Study sees alcohol, drownings connection
ALLIGATOR Creek was the scene for a pilot study aimed at finding answers to the nation's river drowning problem.
The project was triggered after the 2016-17 RLS national drowning report showed rivers, creeks and streams had the highest number of drowning fatalities.
From last Friday until Sunday, swimmers at Alligator Creek were surveyed by the national manager of Research and Policy at the Royal Lifesaving Society Australia Amy Peden and JCU Associate Professor Richard Franklin.
Ms Peden said she was glad they had chosen Alligator Creek because it had been diverse with many families and tourist groups.
"As a pilot, the project has been really successful," she said. "It's been interesting to learn what people who are using the river every day are doing and how much they drink and their attitude towards that.
"All the knowledge we have at the moment is really in the deaths data, and we obviously can't ask those people why they did what they did and whether they knew they were taking risks."
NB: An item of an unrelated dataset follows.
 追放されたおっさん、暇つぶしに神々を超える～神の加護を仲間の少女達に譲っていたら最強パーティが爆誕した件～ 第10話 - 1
Prof Franklin said people were asked about their alcohol habits, before breathalysing participants with some low-level positive readings.
"From a research perspective, this is concerning because it means that even a smaller group of people are actually at risk when we see quite a lot of people drowning with alcohol in their system," he said.
"Hopefully, what we are doing is making rivers safer at the end of the day and people are thinking about when they go, what they need to do."